Pace of Press Reform 'May be Break-neck', Predicts McLellan

The pace of press reform may about to take place at break-neck speed, according to the editor of The Scotsman.

Writes John McLellan, in his weekly Editor's Notebook, today: “There is a determination that a new system be in place by spring and presumably that means by Easter, the beginning of April. The first of those big changes may be announced this week and after that the pace of reform may well be break-neck.”

McLellan too writes of the BBC's reporting of Scottish news, in the wake of an article last week in his newspaper by Jeremy Peat, the former Scottish rep on the BBC's governing body. 

Writes McLellan: “.. As more political decision-making is devolved – even under the limited proposals of the Scotland Bill – continuing with the main bulletins from both the BBC in London and ITN makes less sense by the day.”

But he accepts cash is an issue: “It is, as Mr Peat acknowledged, a question of resources and despite the feather bed of the £145.50 licence fee, cash is tight at [BBC Scotland HQ] Pacific Quay.
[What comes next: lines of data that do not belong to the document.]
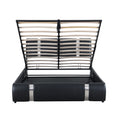 Queen Size Upholstered Faux Leather Platform Bed With A Hydraulic Storage System, Black Black Technical Leather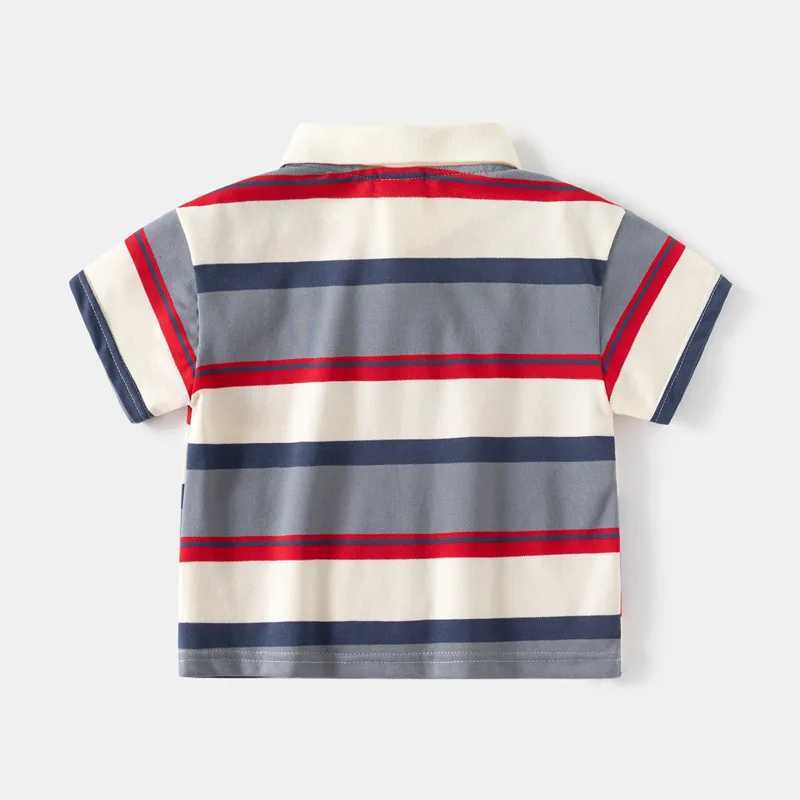 Polos Polos 2024 New Summer Childrens Short sleeved Seven Piece T-shirt Boys Striped Polo Shirt Cartoon Broidery Breathable Cotton Suitable for ages 3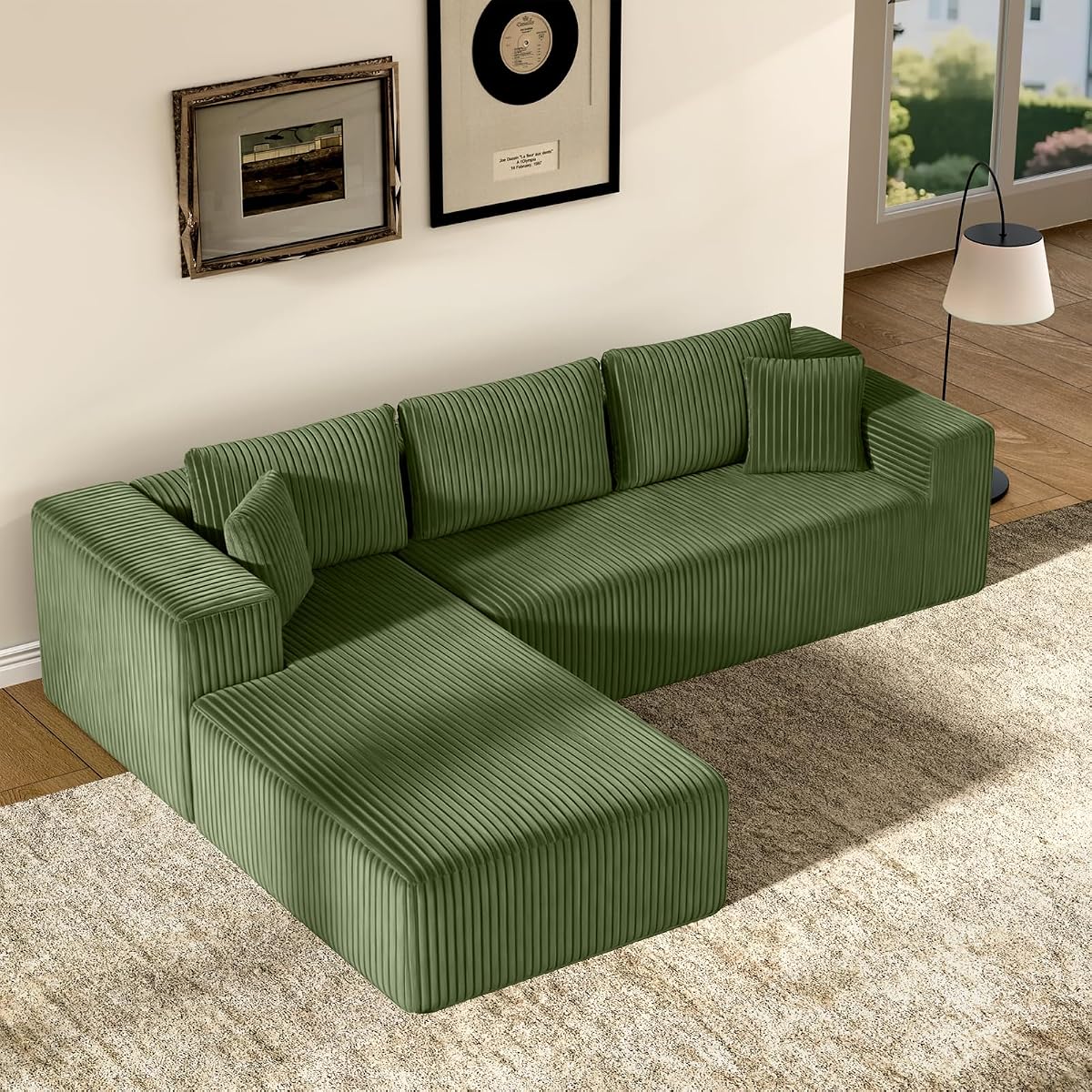 106" Modular Sectional Sofa, Green Corduroy Cloud Couch with Right Chaise, Deep Seat Boneless Floor Sofa for Living Room, High-Resilience Foam Support, No Assembly Required, Includes Pillows | Sectional Sofa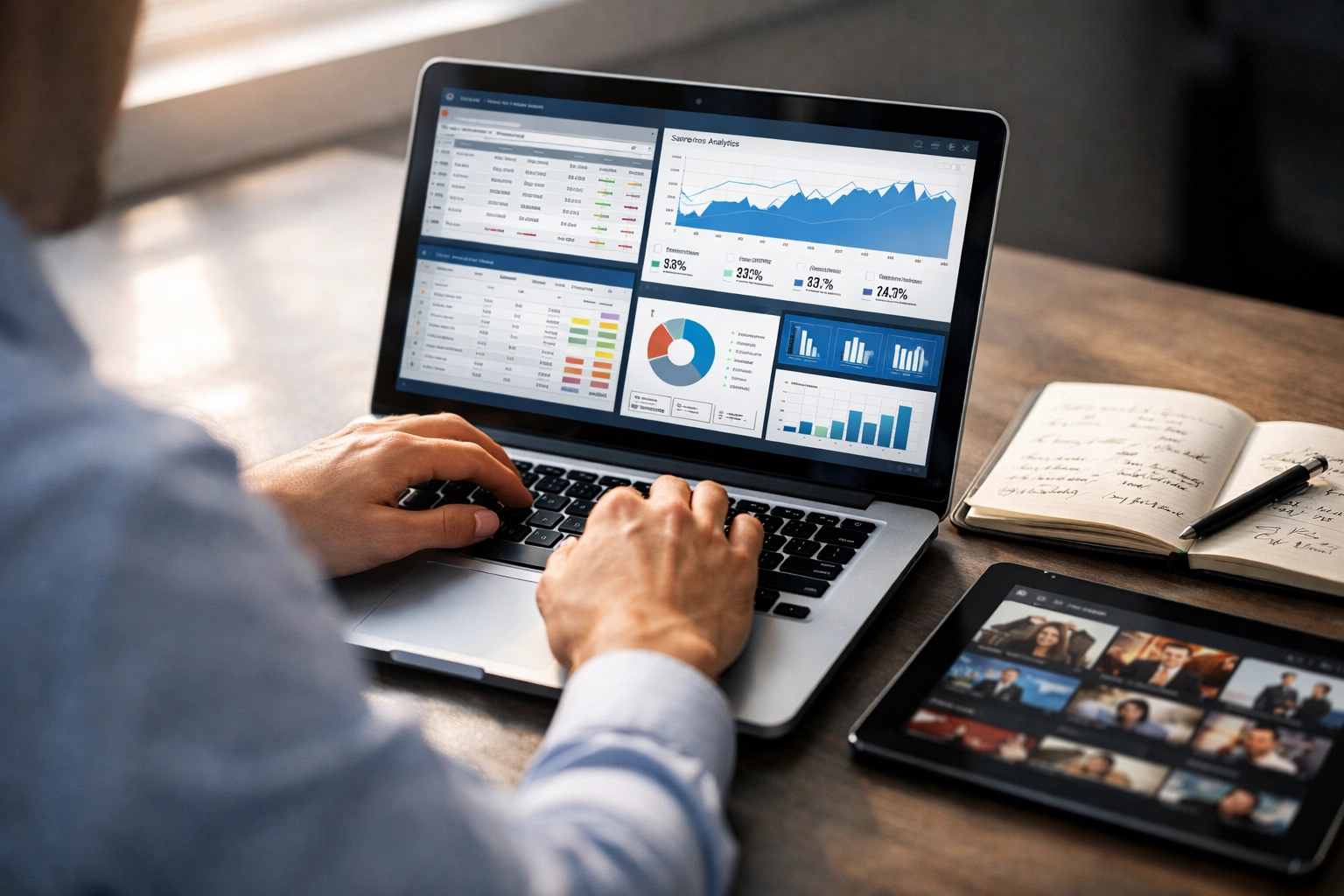 Professional managing personal brand and digital reputation through data analytics tools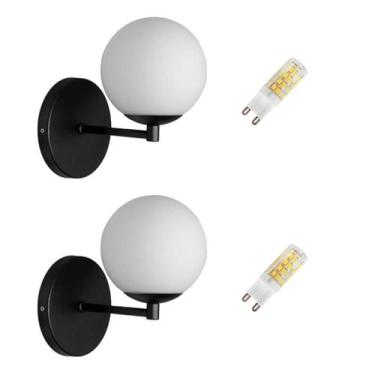 Imagem de 2 Arandelas Parede Jabuticaba Cabeceira Preto c/ Lâmpadas G9 - Generic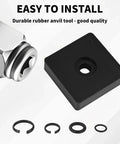 Heavy Duty Pro Grade Impact Retaining Ring Kit With O Rings And Anvil Tool For Electric And Pneumatic Wrenches 41 Piece Set Of Friction Rings In Three Eighths And One Half Inch Sizes Carbon Steel And Rubber Sealing For A Tight Fit.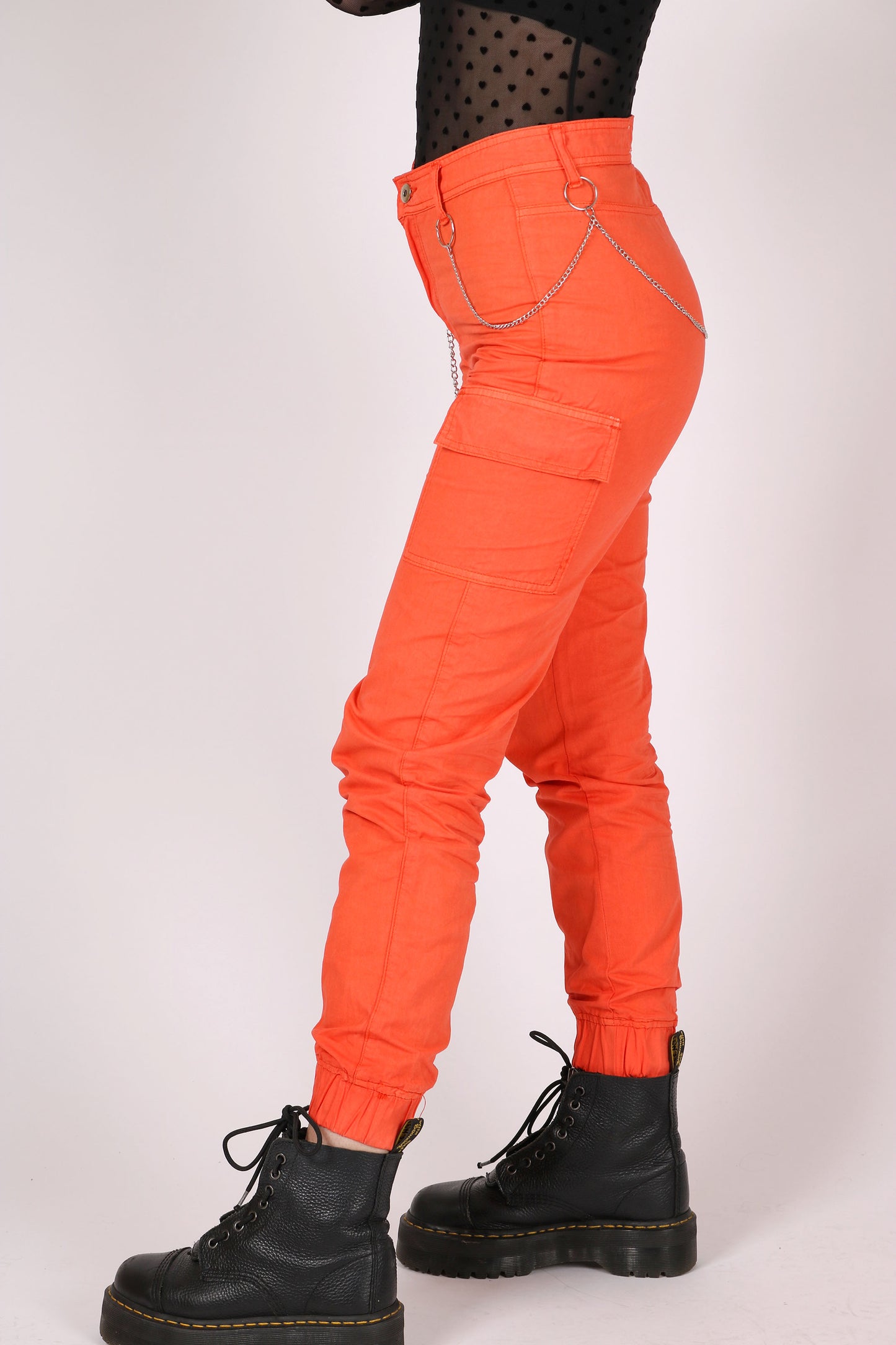 Orange Cargo Trouser With Chains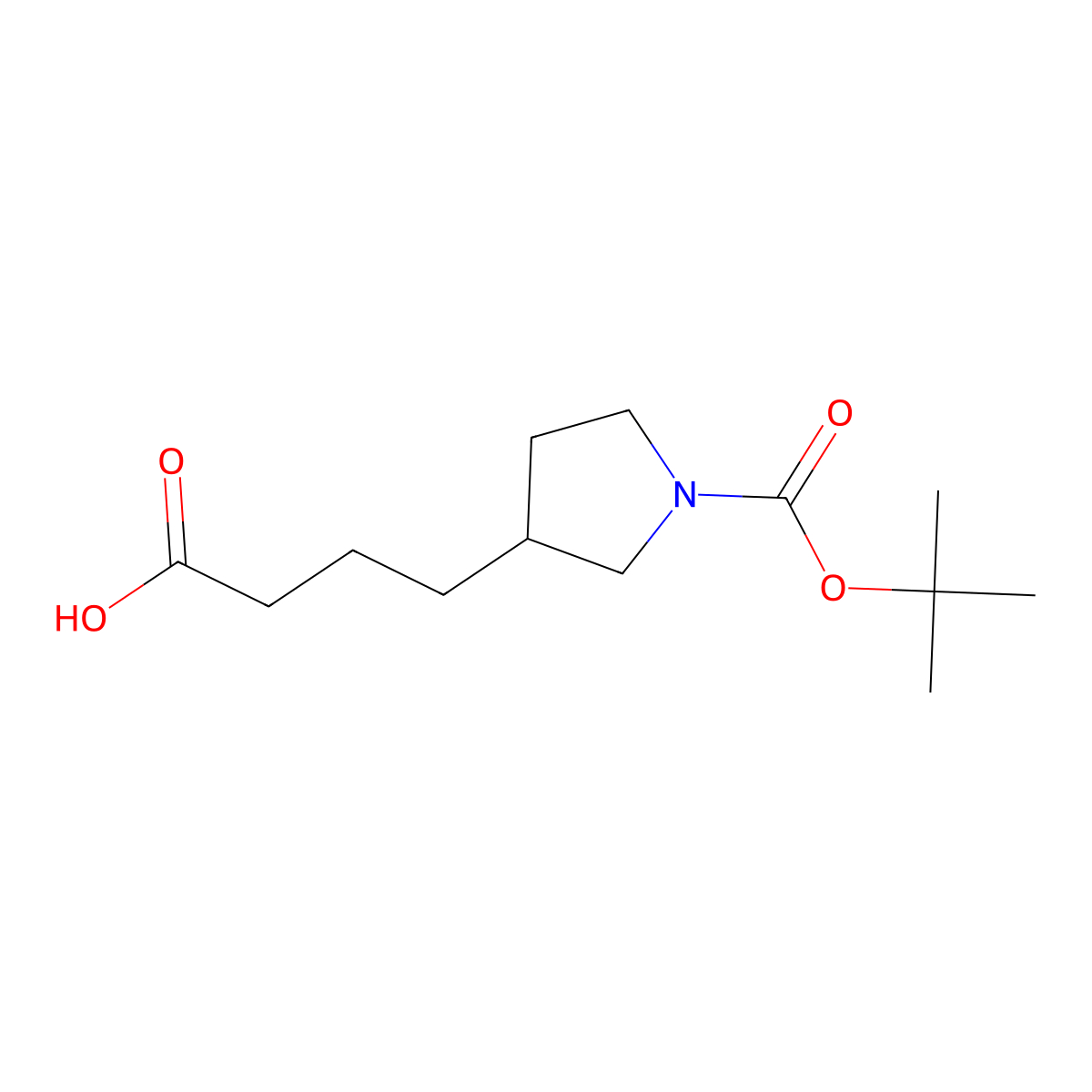4-(1-(Tert-butoxycarbonyl)pyrrolidin-3-yl)butanoic acid molecular structure, CAS 1782270-32-9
No wonder former head of news and current affairs, Atholl Duncan, left to join the Institute of Chartered Accountants of Scotland.

“Even with technological advances, a new Scottish news programme for an hour at 6pm and again for over 30 minutes at 10pm can’t be done without increasing costs and something will have to give if Mr Peat’s ambition [for more Scottish news on BBC bulletins] is to be realised.”